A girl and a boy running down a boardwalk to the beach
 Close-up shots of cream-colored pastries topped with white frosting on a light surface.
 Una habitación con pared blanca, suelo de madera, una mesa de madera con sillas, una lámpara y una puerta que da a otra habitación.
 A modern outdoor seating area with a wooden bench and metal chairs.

» **Prompt**
Retype the data exactly.

» **Response for this exercise**
A girl and a boy running down a boardwalk to the beach
 Close-up shots of cream-colored pastries topped with white frosting on a light surface.
 Una habitación con pared blanca, suelo de madera, una mesa de madera con sillas, una lámpara y una puerta que da a otra habitación.
 A modern outdoor seating area with a wooden bench and metal chairs.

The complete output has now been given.